YOUR INSTRUCTIONS - Leaving out all pictures, repeat exactly the lines from the one that holds "その他部屋・スペース　南西向" to the last line of the entries below.

(THE DATA Opens)

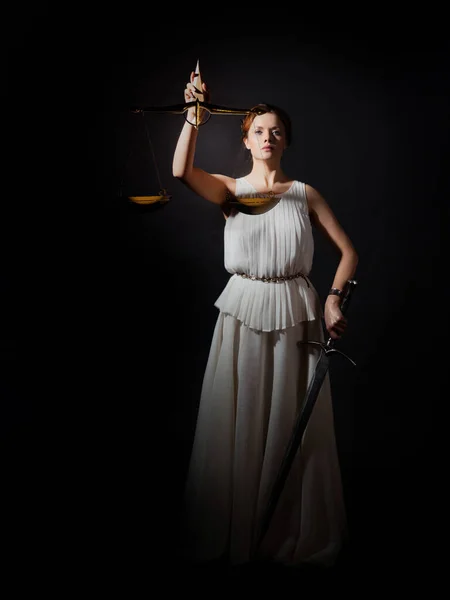 Themis, a deusa da justiça sem uma venda, com escamas e uma espada — Fotografia de Stock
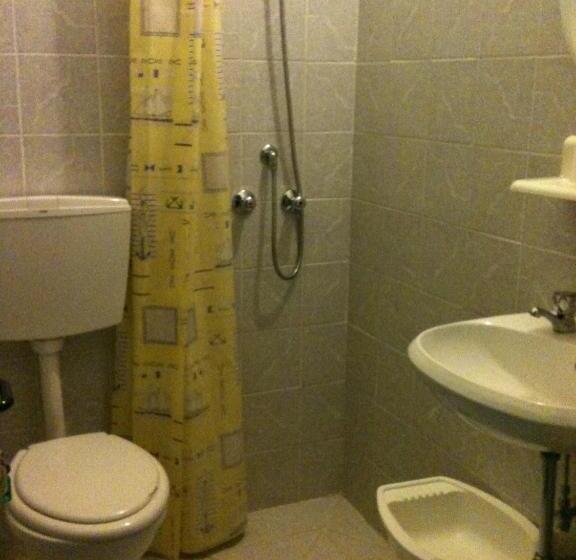 스탠다드 룸, Caprice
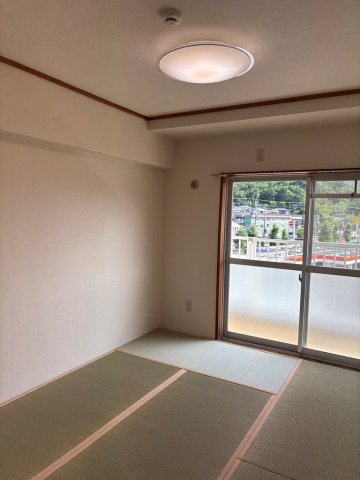 その他部屋・スペース　南西向きで陽当り良好の和室６帖です。エアコン設置可能です♪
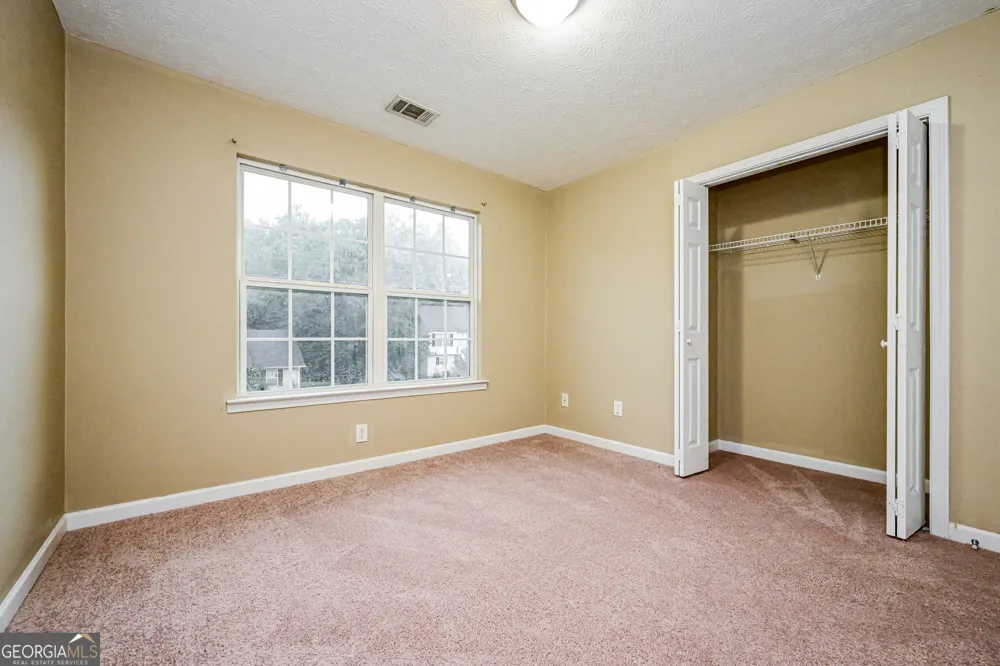 137 Longstreet CIR Oxford, GA 30054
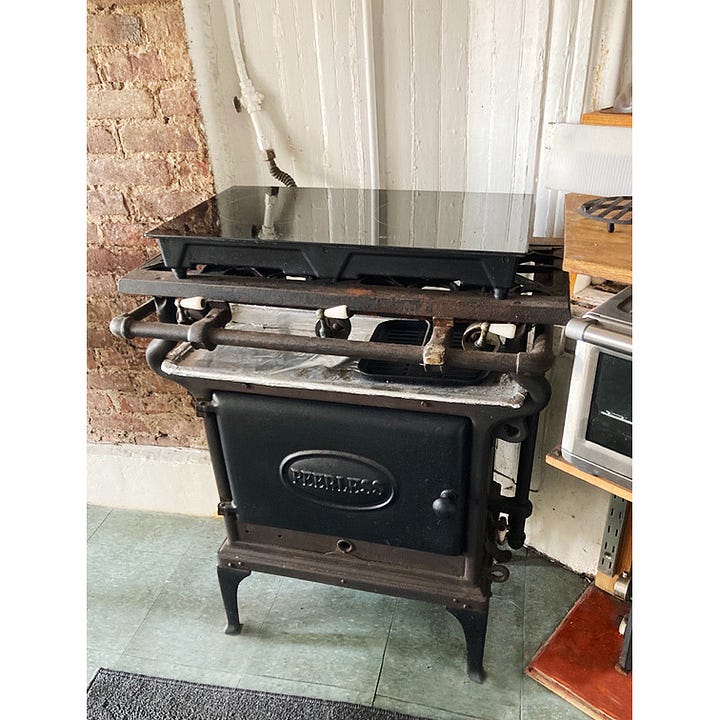 Peerless stove in tenement appartment. Lower East Side. NYC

(THE DATA Closes)

EXERCISE SOLUTION -
 その他部屋・スペース　南西向きで陽当り良好の和室６帖です。エアコン設置可能です♪
 137 Longstreet CIR Oxford, GA 30054
 Peerless stove in tenement appartment. Lower East Side. NYC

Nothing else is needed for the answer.